- Opening Delimiter -

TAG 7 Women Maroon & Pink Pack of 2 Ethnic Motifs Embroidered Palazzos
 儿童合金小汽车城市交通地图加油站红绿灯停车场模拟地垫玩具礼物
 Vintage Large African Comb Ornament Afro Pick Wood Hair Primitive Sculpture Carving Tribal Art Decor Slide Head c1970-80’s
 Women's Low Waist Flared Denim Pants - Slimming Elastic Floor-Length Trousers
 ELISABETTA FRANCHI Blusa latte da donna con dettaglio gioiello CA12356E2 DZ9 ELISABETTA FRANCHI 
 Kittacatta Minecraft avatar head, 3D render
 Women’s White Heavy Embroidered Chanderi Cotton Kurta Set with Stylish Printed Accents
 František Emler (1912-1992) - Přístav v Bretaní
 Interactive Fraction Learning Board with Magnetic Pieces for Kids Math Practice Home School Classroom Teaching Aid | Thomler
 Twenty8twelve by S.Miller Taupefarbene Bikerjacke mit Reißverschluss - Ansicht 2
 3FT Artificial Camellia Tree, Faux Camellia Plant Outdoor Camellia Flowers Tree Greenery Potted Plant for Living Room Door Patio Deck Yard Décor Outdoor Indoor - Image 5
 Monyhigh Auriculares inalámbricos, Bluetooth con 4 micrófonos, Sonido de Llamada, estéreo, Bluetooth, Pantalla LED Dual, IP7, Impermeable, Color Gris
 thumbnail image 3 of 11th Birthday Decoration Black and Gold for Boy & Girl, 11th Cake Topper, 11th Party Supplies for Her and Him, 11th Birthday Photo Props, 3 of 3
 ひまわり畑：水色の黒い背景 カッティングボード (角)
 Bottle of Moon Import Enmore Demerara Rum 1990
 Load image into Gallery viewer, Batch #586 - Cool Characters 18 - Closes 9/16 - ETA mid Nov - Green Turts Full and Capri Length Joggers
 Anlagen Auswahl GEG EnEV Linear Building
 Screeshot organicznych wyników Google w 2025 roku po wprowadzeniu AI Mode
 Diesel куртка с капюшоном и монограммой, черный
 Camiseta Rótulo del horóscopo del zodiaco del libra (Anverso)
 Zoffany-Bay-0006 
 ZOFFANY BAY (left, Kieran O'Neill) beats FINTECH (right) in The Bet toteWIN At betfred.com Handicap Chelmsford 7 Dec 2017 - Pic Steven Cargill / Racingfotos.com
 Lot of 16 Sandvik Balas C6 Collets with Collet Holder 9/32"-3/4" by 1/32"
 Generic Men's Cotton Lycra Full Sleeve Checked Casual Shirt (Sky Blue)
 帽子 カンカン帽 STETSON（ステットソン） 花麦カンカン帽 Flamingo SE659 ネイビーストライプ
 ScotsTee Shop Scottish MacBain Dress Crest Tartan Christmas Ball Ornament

- Closing Delimiter -

What is needed:
Output exactly one stretch of the listing: from the line containing "František Emler (1912-1992)" through the line containing "Bottle of Moon", both end lines included.

Answer box:
 František Emler (1912-1992) - Přístav v Bretaní
 Interactive Fraction Learning Board with Magnetic Pieces for Kids Math Practice Home School Classroom Teaching Aid | Thomler
 Twenty8twelve by S.Miller Taupefarbene Bikerjacke mit Reißverschluss - Ansicht 2
 3FT Artificial Camellia Tree, Faux Camellia Plant Outdoor Camellia Flowers Tree Greenery Potted Plant for Living Room Door Patio Deck Yard Décor Outdoor Indoor - Image 5
 Monyhigh Auriculares inalámbricos, Bluetooth con 4 micrófonos, Sonido de Llamada, estéreo, Bluetooth, Pantalla LED Dual, IP7, Impermeable, Color Gris
 thumbnail image 3 of 11th Birthday Decoration Black and Gold for Boy & Girl, 11th Cake Topper, 11th Party Supplies for Her and Him, 11th Birthday Photo Props, 3 of 3
 ひまわり畑：水色の黒い背景 カッティングボード (角)
 Bottle of Moon Import Enmore Demerara Rum 1990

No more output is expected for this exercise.